後白河院と文爛漫(12)公卿も書く(7)『中右記』(7)内藤経則

 藤原宗忠検非違使別当を辞任した10年後の太治2年(1127)正月8日、かつて左衛門府生(※1)として彼に仕えた伴有貞(http://d.hatena.ne.jp/K-sako/20130818)から、死去した同僚の内藤経則の後を継いで今年から皇室御願寺の六勝寺(※2)の一つである法勝寺の「寄検非違使」を勤めることになったと聞かされた宗忠は、別当就任翌年の内藤経則とのやり取りを思い起こした。

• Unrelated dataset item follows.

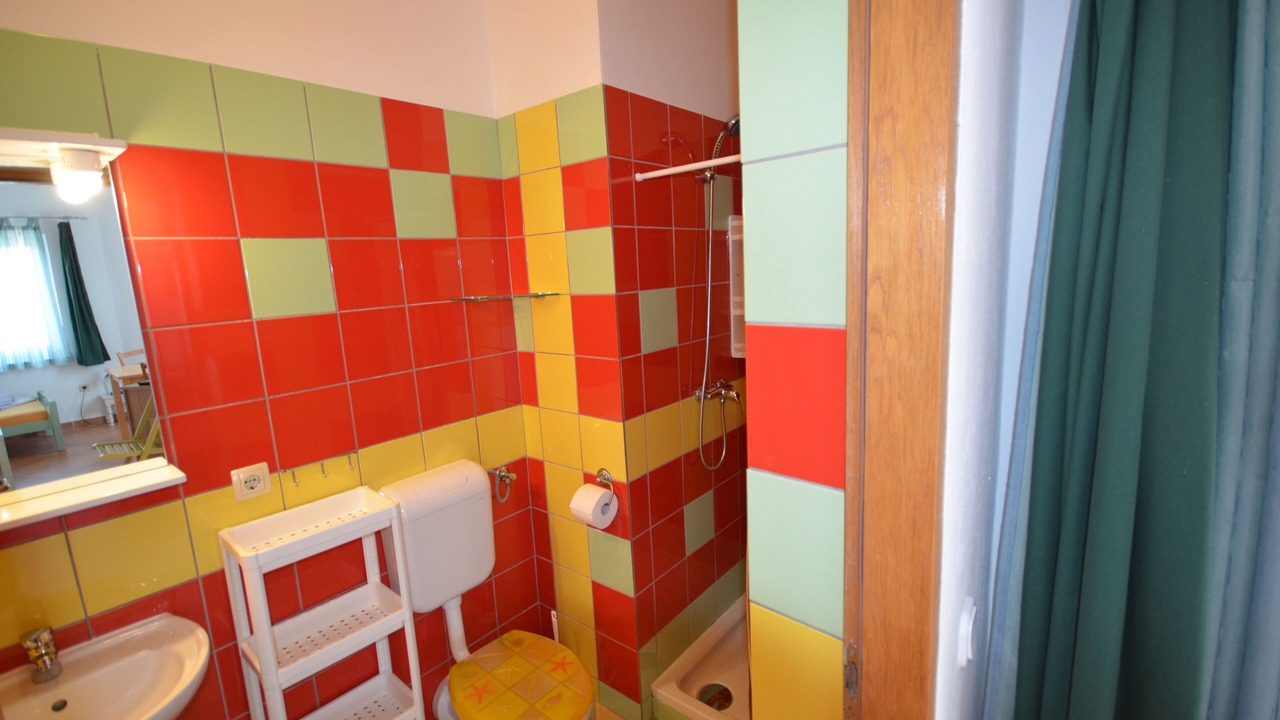Photo of Bathroom in Starigrad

 伴有貞と同様に直参として頻繁に宗忠邸を訪れていた府生・内藤経則は、永久2年(1114)3月20日に「老耄(ろうもう)術なし。朝夕使庁雑務に堪えず。年八旬(80歳)に余る。身進退に迷うか」と老化により検非違使庁務の激務が身体に堪え難いと宗忠に訴えたのであった。

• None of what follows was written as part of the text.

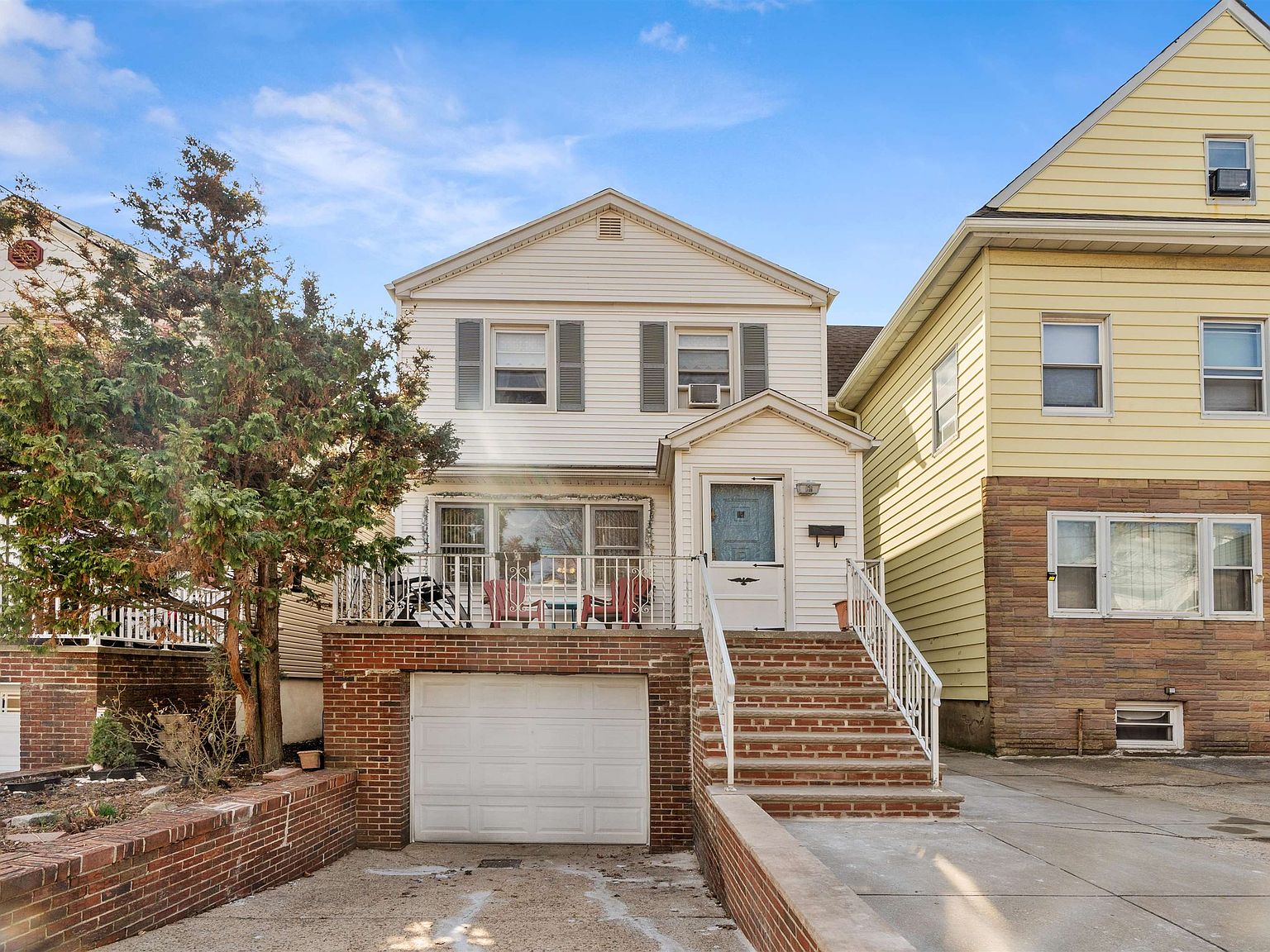 68 W 51st St Bayonne NJ 07002 Zillow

 そして翌月4月8日に院御所に召された宗忠は、白河法皇から「府生・経則老耄術なし。耳既に聞こえぬと云々。大略においては用にあたらざる者か」と内藤経則の件を持ち出されたのだが、その時も「年齢既に八旬に及ぶなり」と応じただけで、直後の4月10日の斎院御禊の点地(土地の点検)、同月16日の賀茂祭の行列、5月16日の未断軽犯の特赦、同月23日の獄囚の「進過状況」など通常の検察業務を担当させていた。

 さらには、白河法皇の父・故後三条天皇御願寺・円宗寺の「寄検非違使」という特別任務に充て、円宗寺三昧僧(※3)の元に潜んでいる窃盗法師の召喚や円宗寺御封の未済の催促といった難役をも勤めさせていたのであった。

 五味文彦「使庁の構成と幕府」(『歴史学研究』392号、昭和48年)によれば、「寄検非違使」とは「使庁官人の中から寺社に寄せられた検非違使」で本所検断権(※4)を確立している寺社に対して設定され、これを通じて寺社領内の犯人引渡、寺社御封米未済の督促や領内犯罪の訴訟などが行われたとされる。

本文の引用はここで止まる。